Although McCaul implies that the legislation is getting bipartisan support, not everyone is for it. The House Liberty Caucus is against the reauthorization of the DHS, in line with their political platform of “limited government, economic freedom, and individual liberty.” The major criticisms of the DHS have related to its bureaucracy (bloated), waste and a lack of transparency. One might argue about its budget or whether or not there are privacy issues associated with DHS policies, but there’s no disputing the agency is a behemoth. First established in November 2002, the DHS employs 240,000 people and is comprised of 22 different departments and agencies.

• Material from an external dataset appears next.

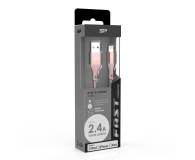 Silicon Power Kabel USB-Lightning MFI Silicon 1m w otulinie różowy # - 1457758 - zdjęcie 2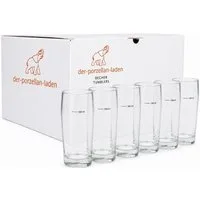 Arcoroc Bierglas Der-Porzellan-Laden Willi Becher 630 ml geeicht auf 500 m 6er Set, Glas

The 2017 act would make some changes to the program. The Director of the Secret Service would need to be confirmed by the Senate (versus the President); Secret Service agents would be getting more training (although it is not specified as to how or how much). The legislation also reestablishes the five-year term for the Transportation Security Administration (TSA) although it is directed to decrease by 20% its number of senior executives, over the next two years. Funding for training and equipment for first responders would be up with UASI increasing by $195M to $800M through 2022. Also, support remains for fusion centers and for both state and local law enforcement deployment at airports. Meanwhile, we are waiting to see what the Senate does.
As security and terror threats continue unabated, it is hard to argue against the need for dedicated security agencies. The DHS is far from perfect and one wishes there were more ideas on the table for how to make it leaner and meaner.